Precise Orbit Determination (POD)
The ability to precisely determine a satellite's position on orbit is a key factor in the quality of altimetry data. Besides measurements acquired by the three location systems onboard the satellite, which are cross-calibrated, we now rely on increasingly accurate orbit determination models.
Different products require different levels of accuracy. Data generated within three hours are based on a preliminary orbit from the Diode onboard navigator (Doris). On the other hand, data generated 30 days post acquisition require the most accurate orbit possible and therefore demand more orbit data and more time for calculations.
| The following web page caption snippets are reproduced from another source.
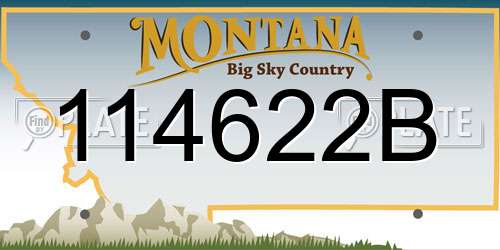 114622B Montana License Plate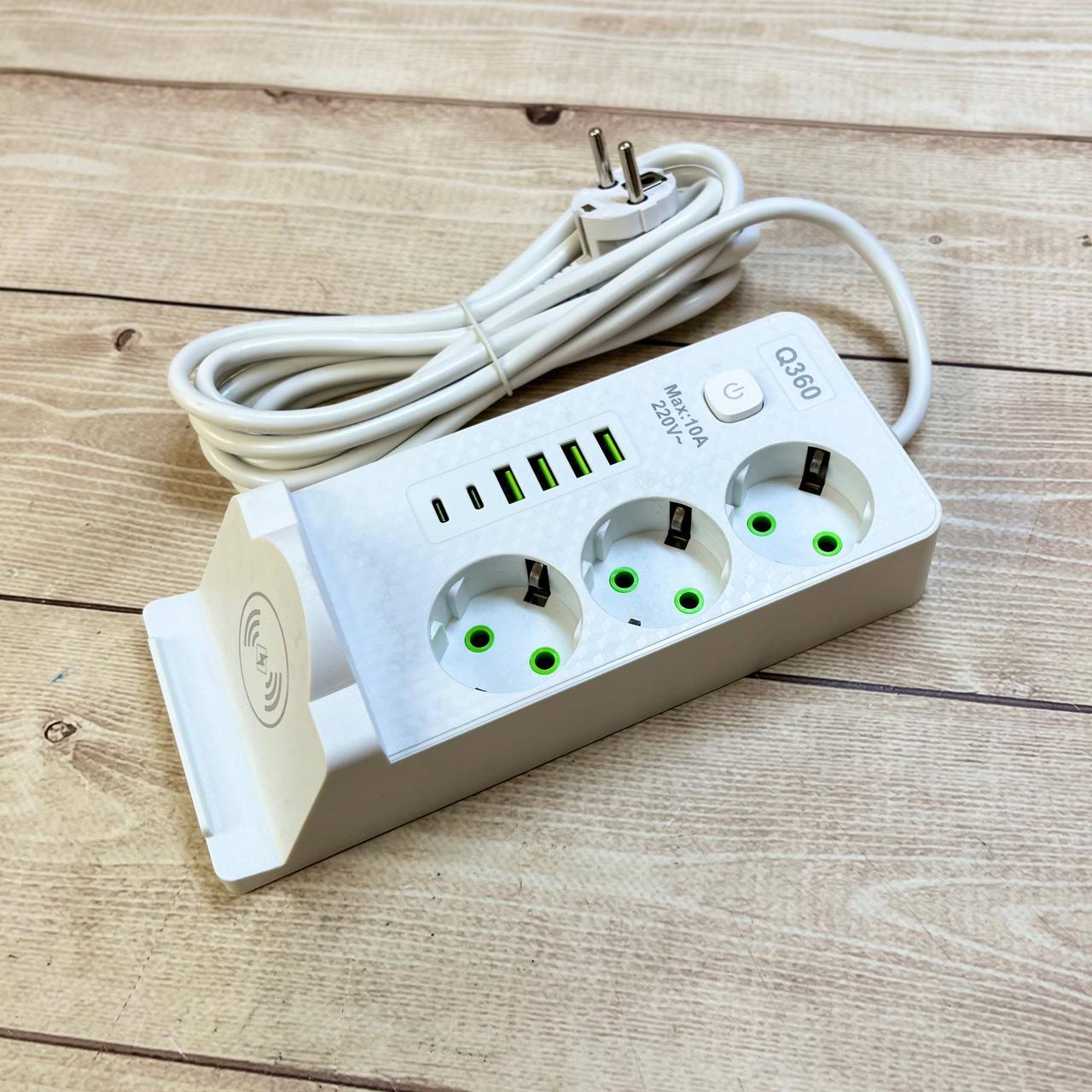Мережевий подовжувач Q360 PNS-06 з бездротовою зарядкою 3 розетки 4USB 2Type-C 3м LED білий - Зображення 6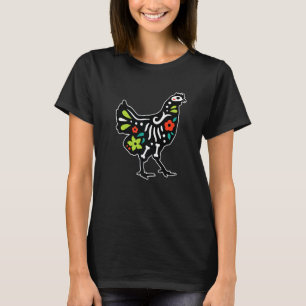 Chicken Sugar Skull Dia De Los Muertos Mexikanisch T-Shirt
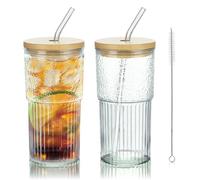 Joeyan 720ml Vaso Cristal con Pajita con Tapa de bambú,Set de 2 Grand Vasos de Agua Transparentes,Tazas de Vidrio para Bubble Tea,Matcha,Café,Latte,Batidos,Regalo Viaje,Oficina,Hogar,Apto Lavavajillas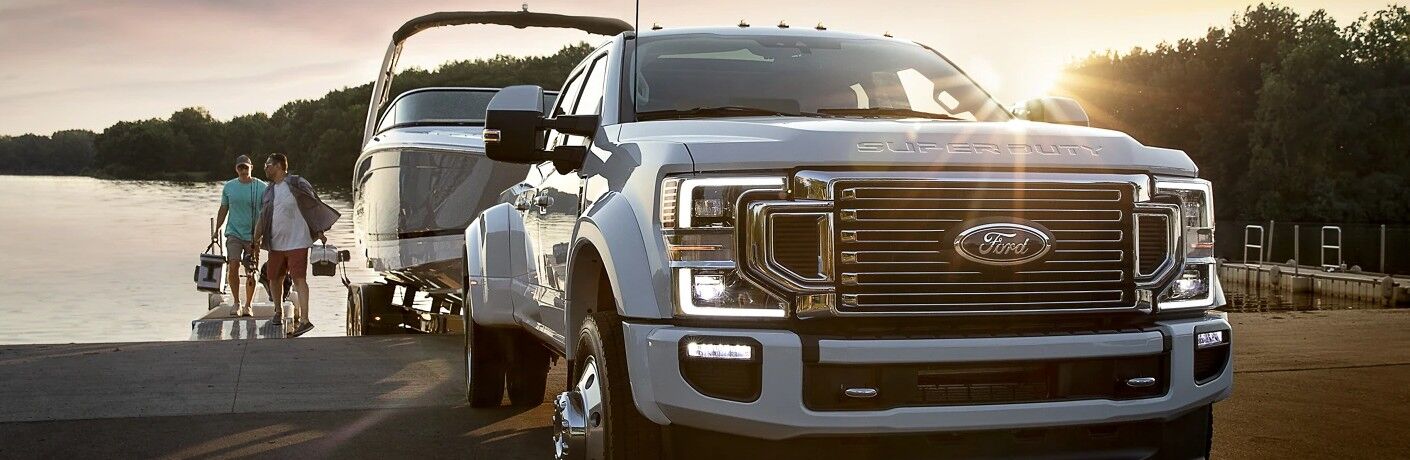 2022 Ford F-450 Super Duty Limited towing a boat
Expected accuracy on the radial orbit component is 10 cm rms for three-hour data, 4 cm rms for three-day data, and 2.5 cm for 30-day data. The ultimate aim is to achieve centimeter accuracy. Jason's orbit is consistent with that of Topex/Poseidon in terms of the satellite's position, orbit calculation methods, and models.
To reach the goal of an orbit error of just one centimeter, we need a detailed knowledge of the satellite and its variations—due to maneuvers, fuel consumption, solar panel orientation and so on—so that we can model the forces acting on it precisely (attraction, atmospheric drag, etc.). We also need to determine the gravity field very precisely. The geodesy missions (CHAMP, GRACE, and GOCE) help us to improve our understanding of these factors.